Pratique de la magie blanche : frontière éthique/commerce ?


Depuis la nuit des temps, l’esprit humain interroge la magie, sachant intuitivement qu’il ne parviendra pas, seul, à déjouer les pièges de l’existence. Cet « ensemble de croyances et de pratiques reposant sur l’idée qu’il existe des puissances cachées dans la nature, qu’il s’agit de se concilier ou de conjurer, pour s’attirer un bien ou susciter un malheur, visant ainsi à une efficacité matérielle », selon la définition du Larousse, trouve son plein épanouissement dans la « magie blanche », orientée vers les forces du bien.

La magie, objet de plus en plus commercial ?

​De nos jours, si une réelle désinhibition des comportements se manifeste dans ce domaine comme dans tant d’autres, tels que celui de la sexualité par exemple, on peut légitimement s’inquiéter de la frontière entre l’éthique et certaines pratiques commerciales, entre le respect de rites ancestraux couplés à un savoir immémorial et la montée en puissance d’un consumérisme addictif, à visée exclusivement mercantile.

​Notre époque répugne à la hiérarchie ou plutôt érige en dogme les lois du marché : tout se consomme, tout est bon à prendre puis à jeter, et, à une vitesse qui s’accélère, il faut user de nouveaux produits, utiliser de nouveaux concepts, jusqu’à se métamorphoser, devenir un autre, un meilleur soi-même. L’ésotérisme n’échappe pas à ce diktat sociétal et, dans le grand supermarché mondial constitué par Internet, relayé par les media de toutes sortes, il devient une marchandise comme une autre, avec un référencement propre, des marques qui le promeuvent, des catégories d’adeptes, clients d’un moment qui le délaisseront l’instant d’après, lors du lancement d’une prochaine mode. Le marketing fait son office, brouillant les repères, assimilant objets mystiques, rituels et guides en kit. Acheter résout l’affaire, voilà qu’on s’improvise magicien, par la simple vertu et la possession de gadgets savamment mis en scène !

​La confusion s’installe, comment s’y retrouver, distinguer le bon grain de l’ivraie ?

Vocation, éthique et savoirs : des qualités indissociables de la magie blanche

Opposée à la magie noire dans la conscience publique, la magie blanche reste méconnue.
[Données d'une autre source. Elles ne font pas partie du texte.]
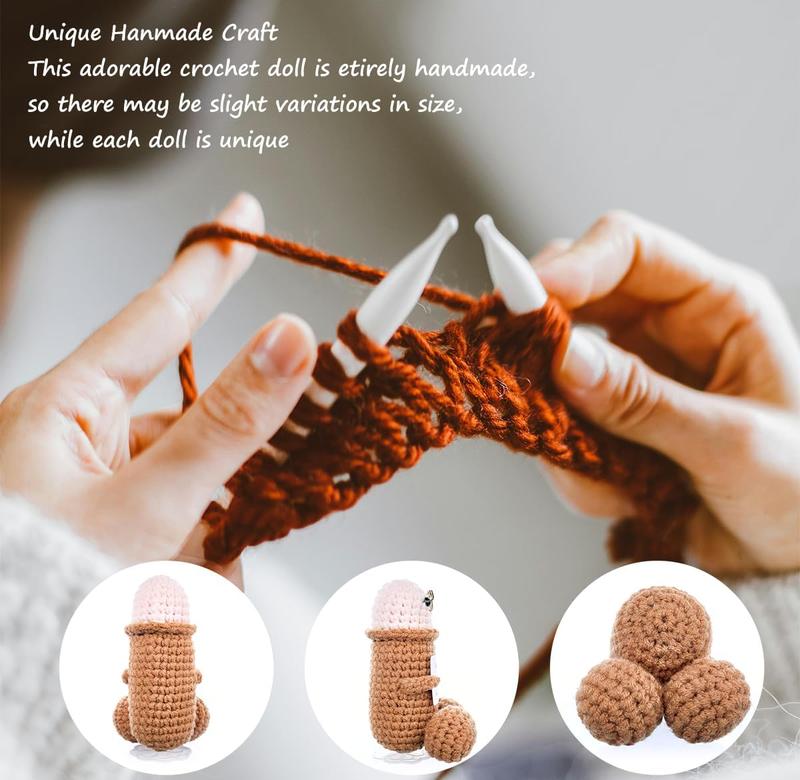 Funny Emotional Cute Crochet Doll, 1 Count Creative Knitted Decor with Positive Message Card, New Year Birthday Gift,Gifts Boyfriend,Fun Desk Decoration, Inspirational Gift for Friends Women，Support Plushies,Cuddly Doll Gift， Halloween Toy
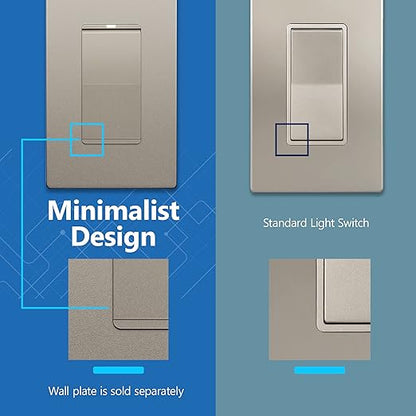 LIDER Minimalist Design Matte Finish Lighted Decorator Switch, Frameless Paddle - Image 4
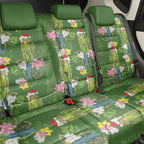 Aussie Santa Budgie Christmas Back Car Seat Cover Green Parakeet Tropical Floral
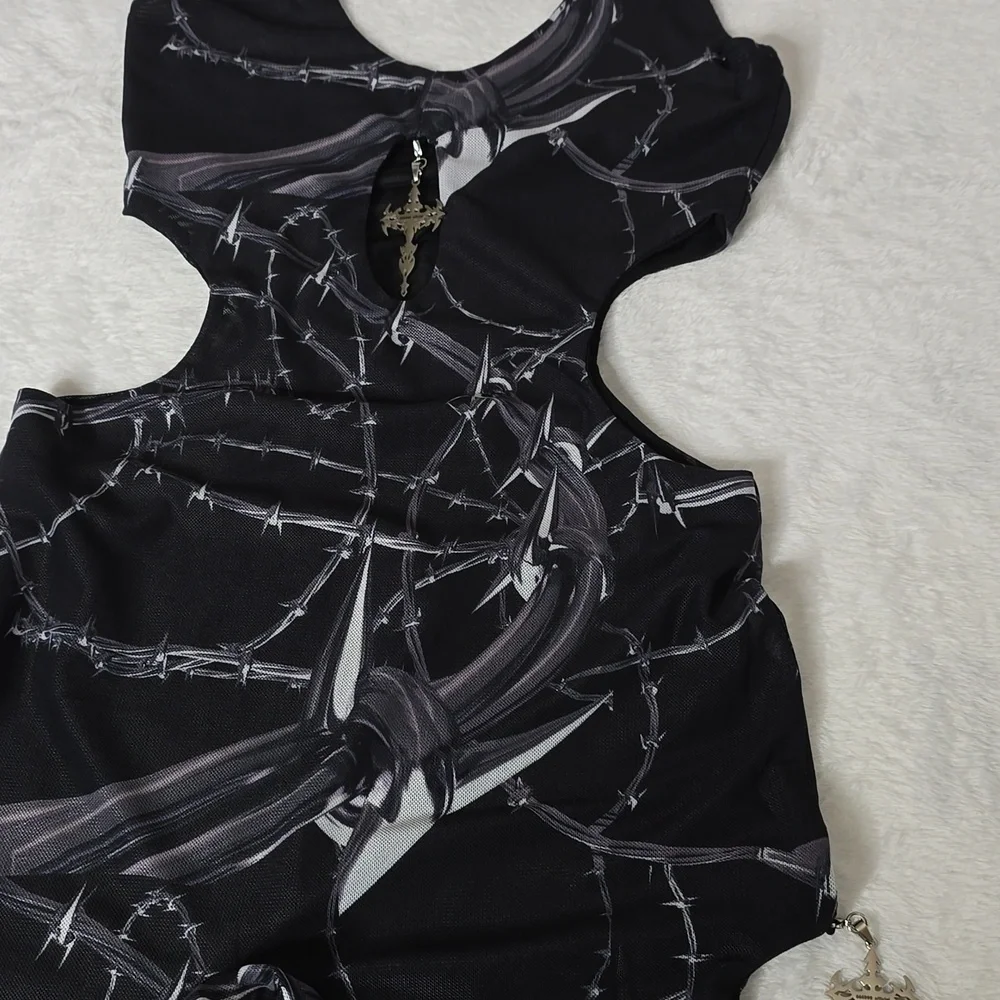 Hardcore dance cross and thorus printed mesh jumpsuit size small  NWT. - Picture 6 of 13
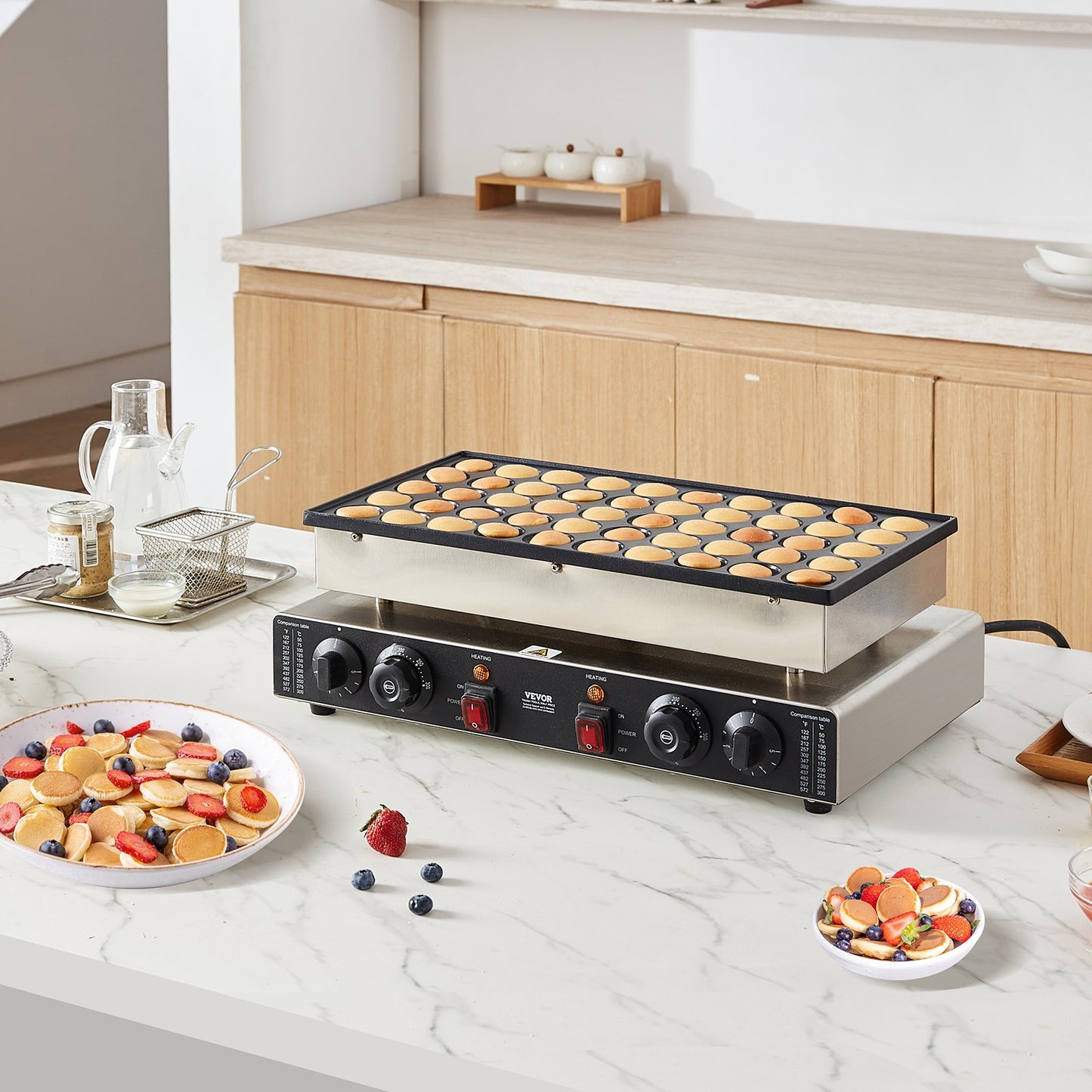 50PCS Mini Dutch Pancake Maker Commercial Dorayaki Baker 1700W - Kitchen Appliance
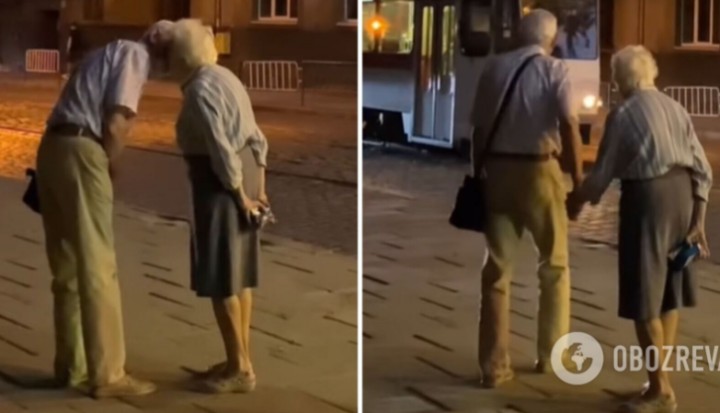 Відео поцілунку стареньких дідуся та бабусі у Львові розчулило мережу і стало вірусним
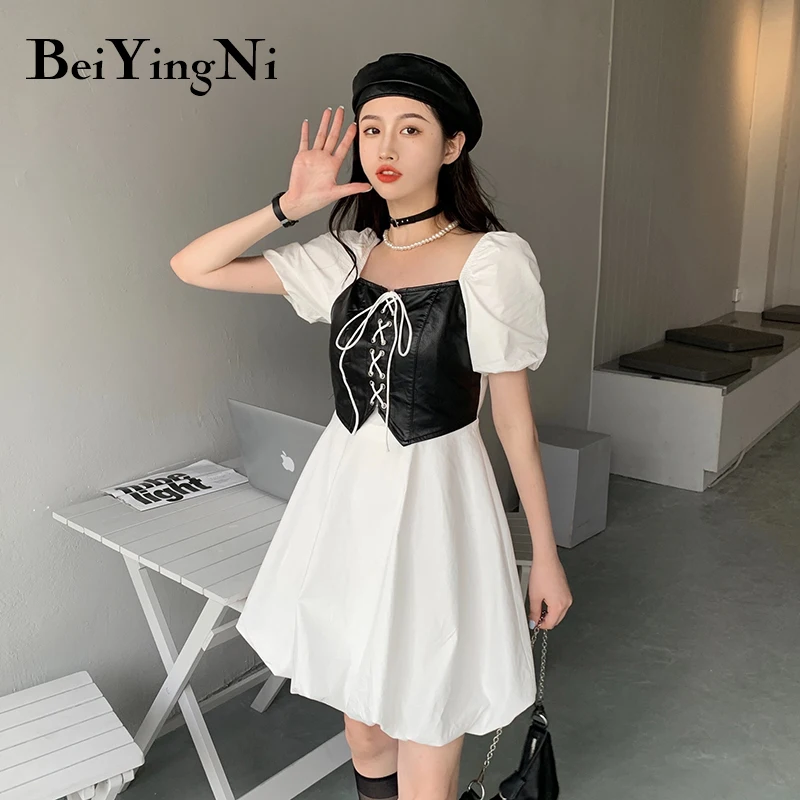 

Женское винтажное платье Beiyingni, шикарное черное лоскутное платье из искусственной кожи на шнуровке с пышными рукавами, женские платья для в...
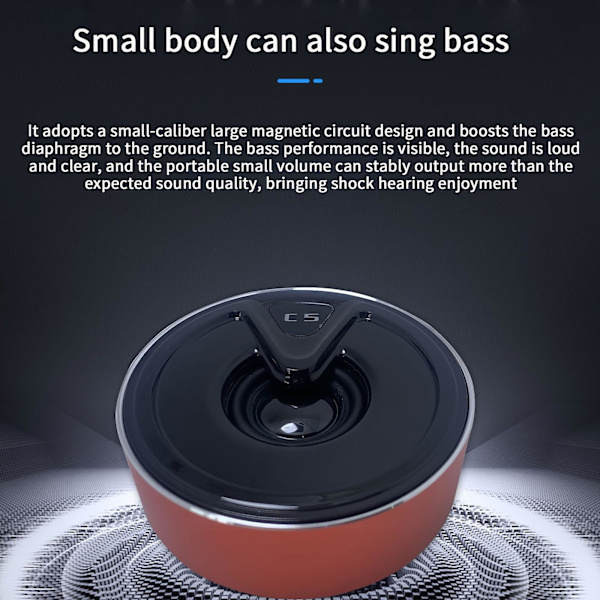 C5 Metall Bluetooth-högtalare Ring Trådlös Mini Aluminiumlegering Tung Bas Present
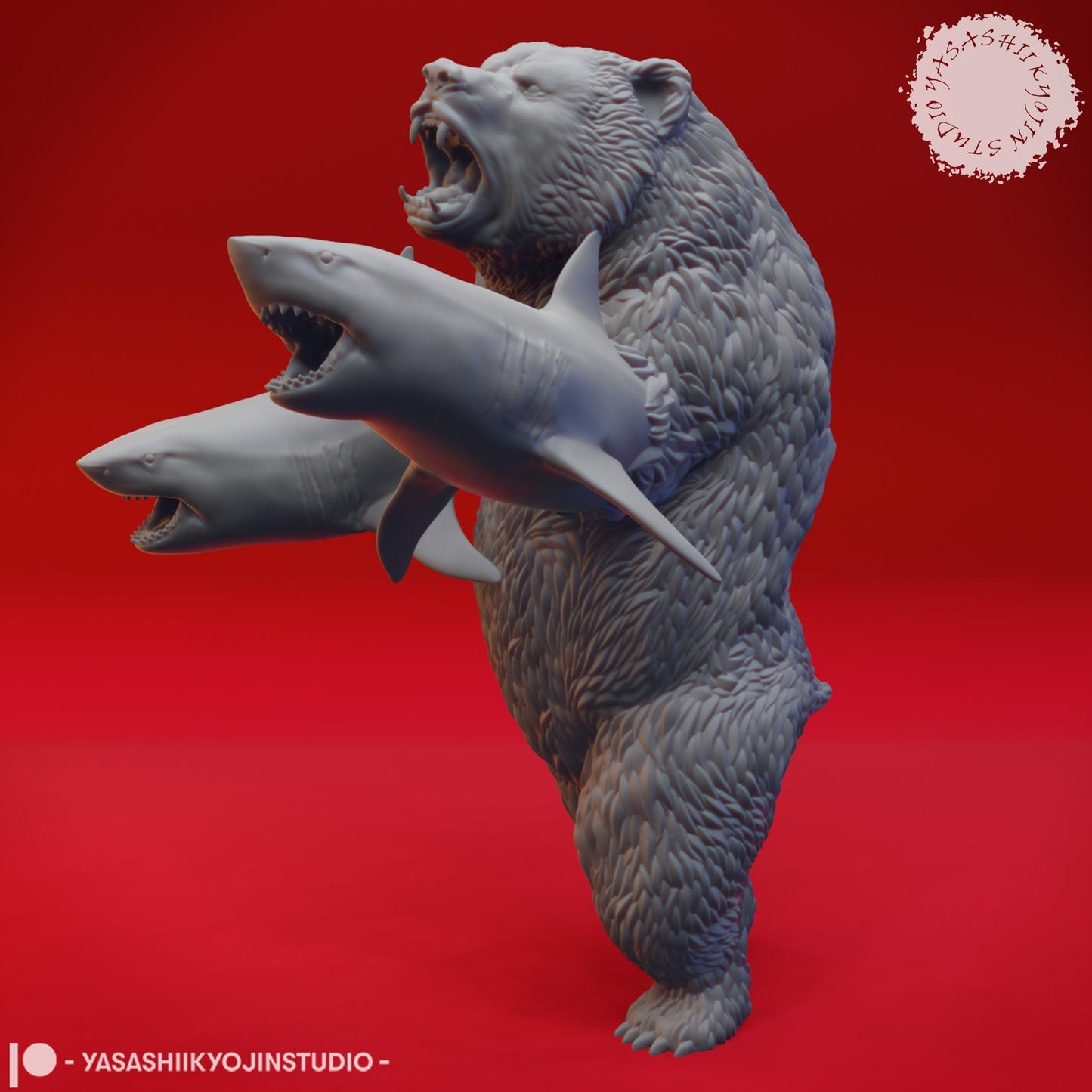 Sharkenbear miniature by Yasashii Kyojin Studio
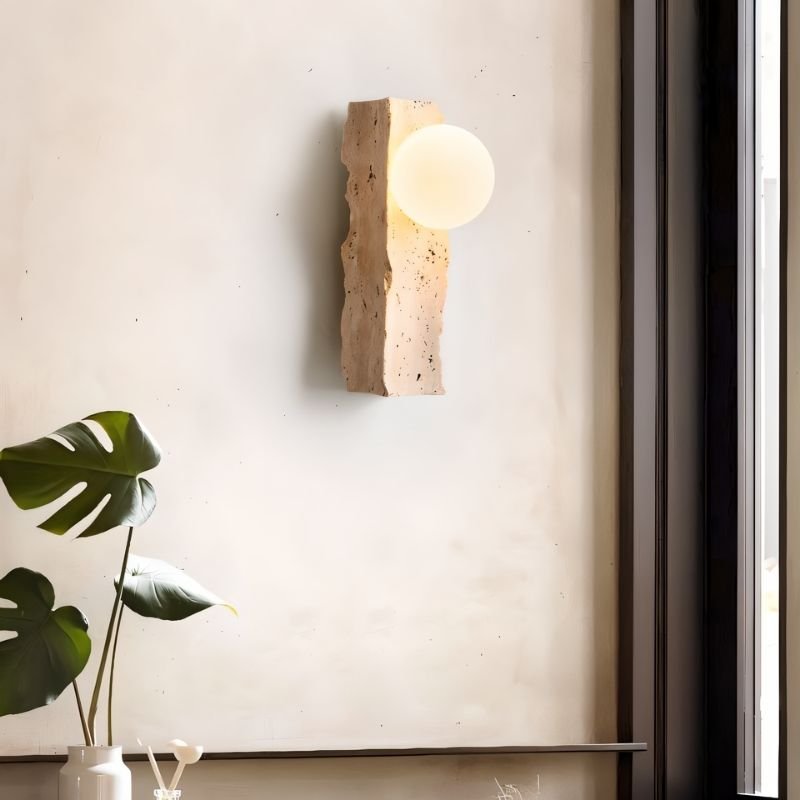 TerraLume Travertine Wall Light With Frosted Glass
C’est d’elle que découlent pourtant la noire, son opposé (qui ne peut se concevoir si la première n’est pas intégralement maîtrisée) et la rouge, qui n’en représente qu’une partie, une sorte de magie blanche dédiée, en fait. Cette sorcellerie blanche n’est autre que le pouvoir de ceux et celles qui, de temps immémorial, ont reçu la vocation de guider et d’aider les autres. La pratique de la magie positive suppose de pouvoir centraliser les forces naturelles au profit du bien, dans l’unique but d’aider ceux qui ne parviennent pas ou plus à se défendre, de rétablir à leur profit justice et équité.

​N’est pas sorcier qui veut : des qualités morales, éthiques, sont indissociables de la fonction de magicien. Dans les sociétés les plus anciennes, le rôle du sorcier est celui d’un sage, d’un philosophe, d’un médecin. Son savoir, ses connaissances ne se distinguent pas de la science : astronomie, connaissance de la nature, des animaux, des hommes et des plantes. L’image du druide a traversé le temps mais dans toutes les civilisations, dans l’Égypte ancienne comme dans les sociétés tribales de tous les continents, aujourd’hui encore dans nos sociétés dites évoluées, subsiste la figure du « bon sorcier », celui auquel on a recours lorsque plus rien ne marche. En effet, la magie bénéfique suppose la rencontre d’une vocation et d’une somme de savoirs, organisés et transmis par des livres, des rituels, des normes pieusement rassemblés et conservés, dont le « magicien » ne sera que le dépositaire et l’artisan, un temps donné. Aussi, à l’encontre des courants de la pensée matérialiste qui irriguent notre vie commune, c’est la vie spirituelle qui préside dans ce domaine, les qualités morales et intellectuelles affirmées.

​Ceux qui en possèdent le don chercheront dès l’enfance le chemin à parcourir : il y a des métiers que l’on n’exerce pas sans vocation : prêtres ou médecins. Aider les autres en respectant toute leur autonomie, leur liberté, répondre à leurs attentes en veillant à appliquer ce précepte que l’on délivre aux jeunes étudiants en médecine « primum non nocere » « et d’abord, ne pas nuire » est bien la vocation du mage moderne ! Sans conteste, le détenteur des pouvoirs de magie blanche ne saurait différer, dans l’exercice de ses responsabilités et de son magistère, de ceux qui guérissent le corps et l’âme.